Лулу никогда еще не чувствовала такого облегчения от голосов матери и отца. Сейчас, сейчас это все прекратится.
По углам, растерзанные, растрепанные — у Виконта мокрая челка закрыла весь лоб — тяжело переводя дыхание, стояли недавние участники схватки… Петр с искаженным лицом трясущимися пальцами застегивал гимнастерку. Виконт, весь поникший, все еще держал подсвечник. Левая сторона лица и головы у него были испачканы кровью, вокруг глаза расплывался кровоподтек.
— Чтоб он сдох! — прохрипел Петр. — Я тысячу раз скажу: приживал чертов, все прикарманил, пользуется, как хочет, всем и всеми здесь. Моя маменька пригрела, Мессалина блаженная…
Виконт вытер пот и кровь со лба подрагивающей рукой с подсвечником. Поставил его аккуратно на стол. Отшвырнув стул, рванулся к Петру… и Виктор Васильевич не успел его удержать. Лулу зажмурилась. Опять стук, грохот, полузадушенный вопль Петра. Команды отца на надсадном крике:
— Все вон отсюда! Виктор, да, помоги, истукан! Петр, назад! Павел, ошалел, опомнись!

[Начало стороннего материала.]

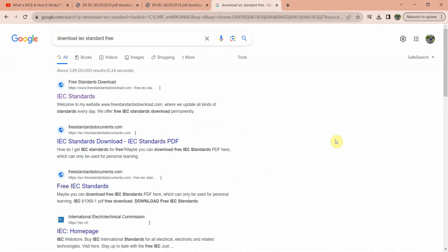Hello friends, today I'm going to show you how to download different international standards free of cost. To download the standard, you have to search in Google: 'download IEC standard free.' Here are the search results you can see.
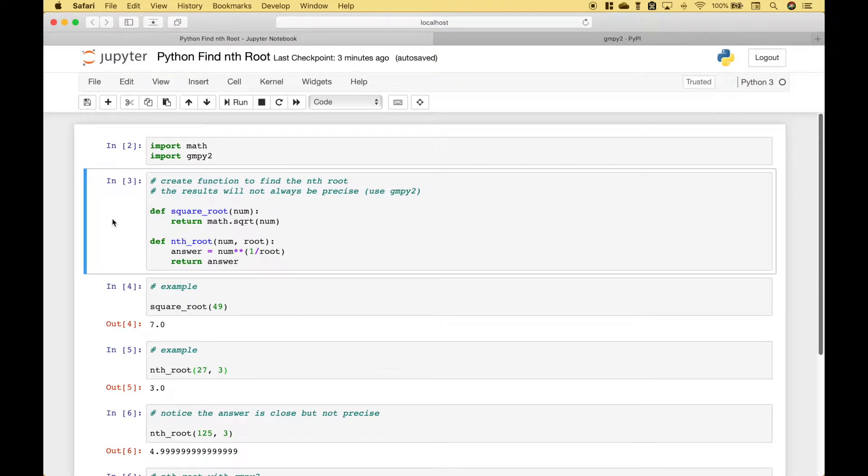Welcome back everybody. In this Python tutorial we're going to go over how you can find the nth root of a number. Let's go ahead and jump right in.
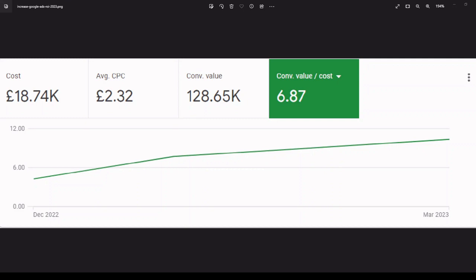Hi there and welcome to another free Google Ads tutorial with your host, Barry Smith. Today's topic is how to boost your return on investment from Google Ads.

Лулу заставила себя снова смотреть и увидела, что Петр корчится на ковре, а Виконт сел на стул и уперся лбом в сгиб руки… Виктор Васильевич поднял Петра и подтолкнул к сыну:
— Держи его, уведи отсюда, — а сам подошел к Виконту и крепко взял за плечо, видимо, на всякий случай.
— Не трогайте меня! — передернулся Поль и встал.

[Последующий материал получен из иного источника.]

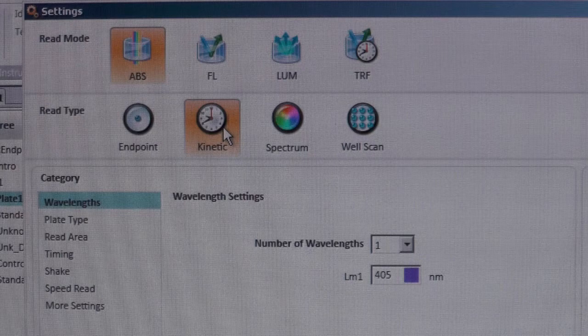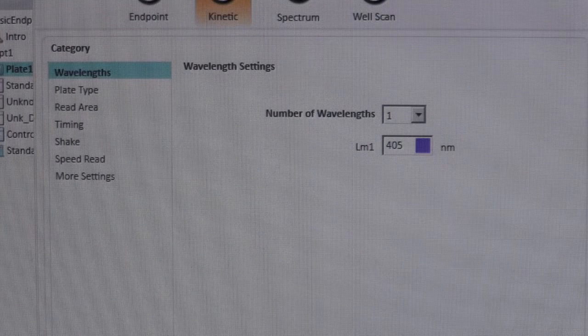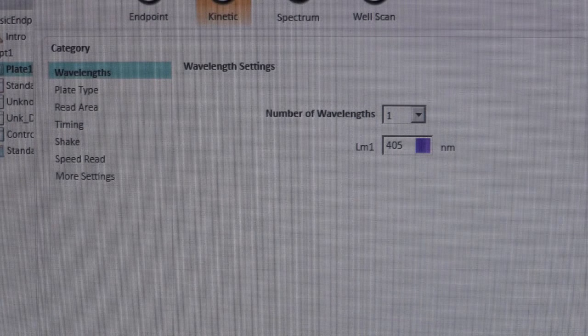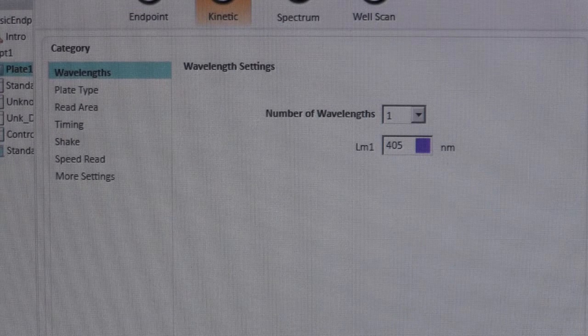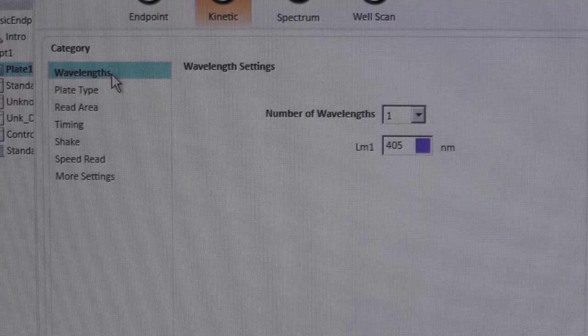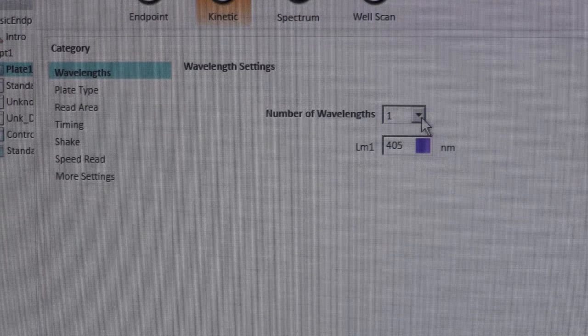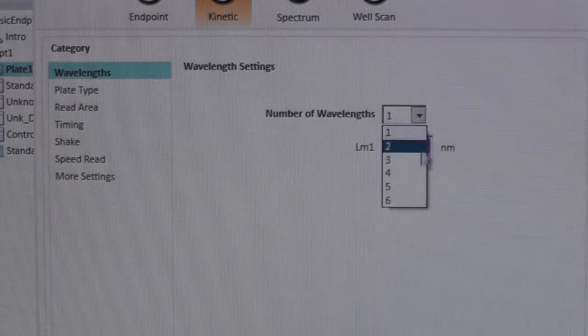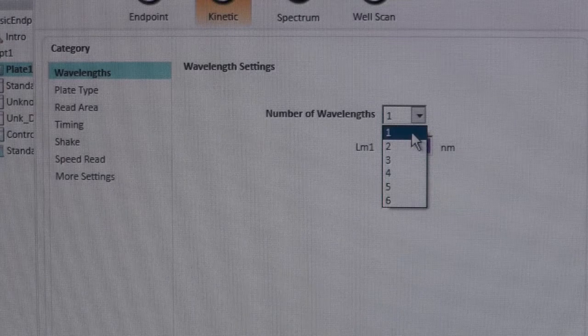First, click on the Kinetic icon. A list of all the adjustable parameters will appear in the left panel. Then select the number of wavelengths you would like to read your sample at. Up to 6 can be used, but here we will only use one.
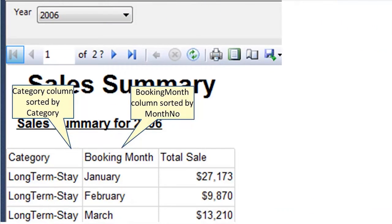To get the category column sorted the way we wanted, we did an A to Z sort on the category field. To get the booking month to appear the way we wanted, we chose to sort that on the month number rather than on the booking month name. But we still haven't given the user the ability to sort in whatever way they want to see this report.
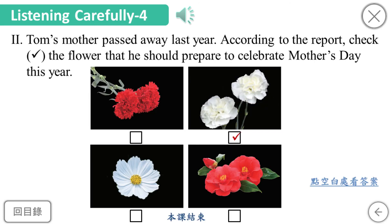Tom's mother passed away last year. According to the report, check the flower that he should prepare to celebrate Mother's Day this year.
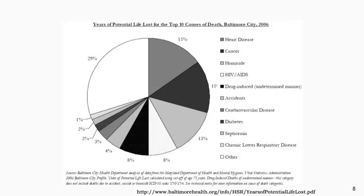In this second example, YPLLs are broken into the top 10 causes of death. Cause-specific YPLL estimates are one way to look at the severity of an illness — the higher the YPLLs, the more severe the disease. This concludes our brief section on YPLLs.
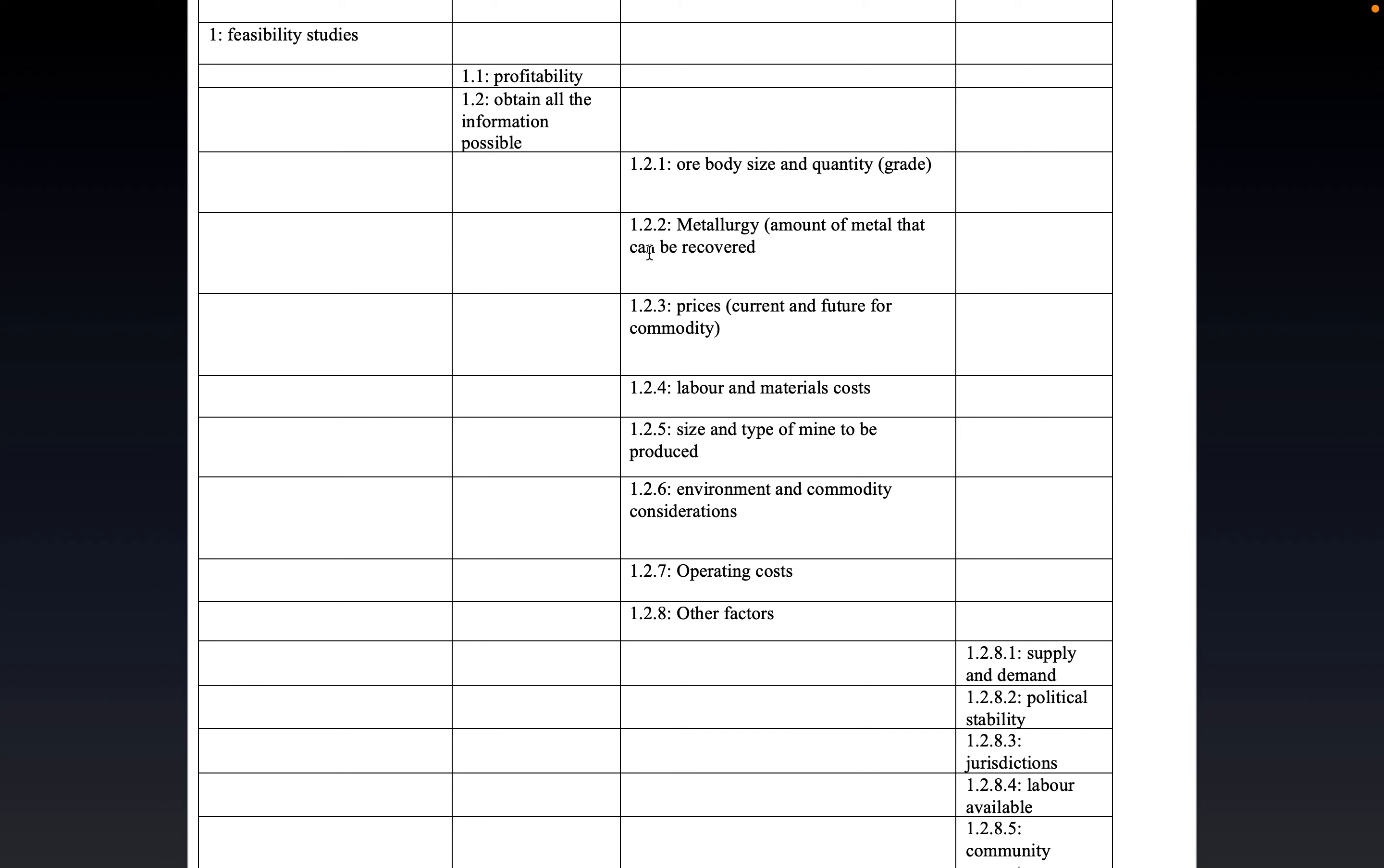Now, the time between obtaining the data for the underground mining method and implementing the mine is essentially next to zero.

Отец поспешил занять позицию между ним и Петром, которого теперь поддерживал старший племянник, и яростно загромыхал:
— Идиоты! С цепи сорвались! Петр, кретин! Как ты смеешь… память матери… А это еще что такое? Откуда оружие? Кто принес? Где твои мозги? Он мальчишкой тебе кости переломал! Соображаешь, что сейчас могло быть? А ты, Павел? «Приживал — не приживал», «блаженная — не блаженная!». Долго будешь, как институтка, на каждое дурацкое слово вскидываться? Ненормальный, да я что, брата должен был из дому выкинуть? — и снова зазвучали непонятные Лулу слова, теперь в исполнении отца.

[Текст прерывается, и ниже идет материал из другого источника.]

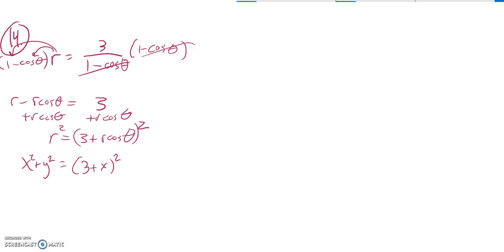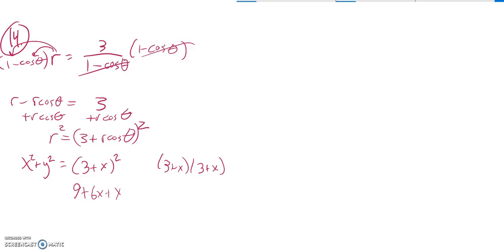Now I'm just going to multiply this out, get it equal to 0. So squaring this, remember square means multiply by itself, so you're going that times that. So this would be 9 plus 6x plus x squared.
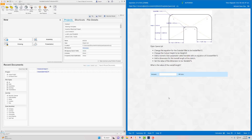Welcome back. We're going to finish out the last 10 questions in the Inventor Certified User Exam number two series. Question 21 says we want to open up spacer.ipt.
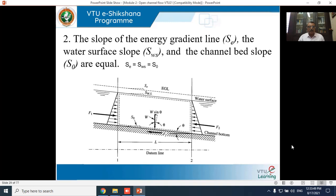Resolving W in the direction of flow gives W sinθ. The forces acting on the control volume are: pressure forces F₁ and F₂ at both ends, the self-weight component W sinθ in the direction of flow, and the frictional force F_f acting opposite to the direction of flow along the wetted perimeter.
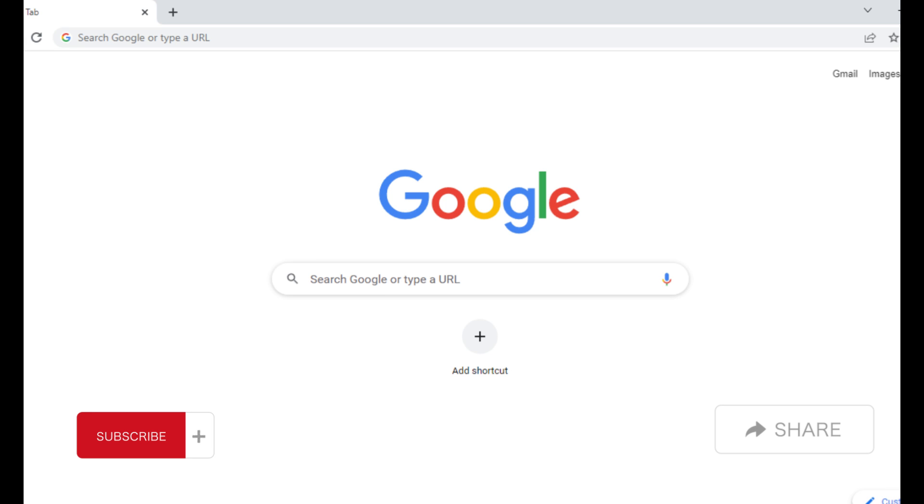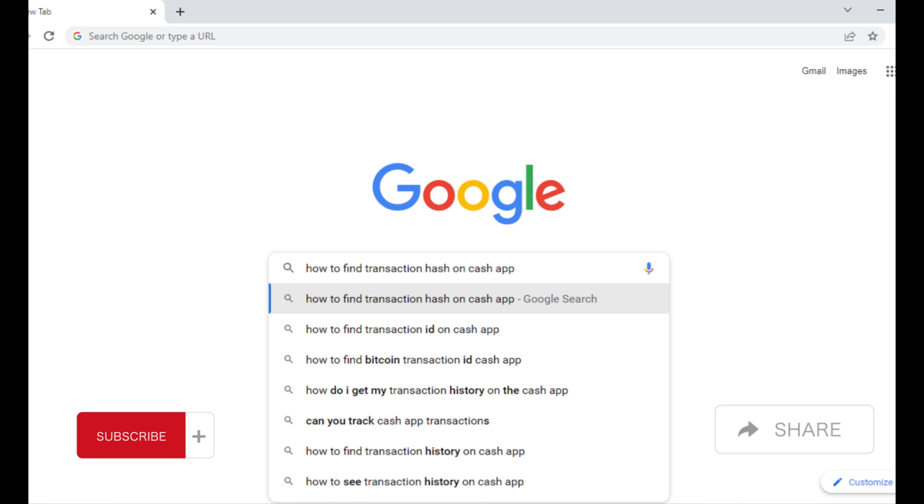Hello guys, in today's video I'll be showing you how to find transaction hash on Cash App. So without further ado, let's start. First, go to your favorite web browser and then search for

— Вы забываетесь, — бесцветным голосом сказал Виконт и вышел. Лулу одной пришлось выслушивать из-за шкафа конец отцовской тирады. Она уверяла себя, что все увиденное — не реальность, а тяжелое, охватившее ее рассудок помрачение. Тем более, так горит голова. Но разве в бреду могут происходить вещи, которых она и представить не могла? Ее тошнило, смотреть приходилось через какую-то непонятную пелену… Наконец, она осознала, что в библиотеке темно и она давно уже, видимо, здесь одна… Ощупью, не отдавая себе отчета, как и куда идет, она добралась до своей комнаты, легла и … провалилась в беспамятство.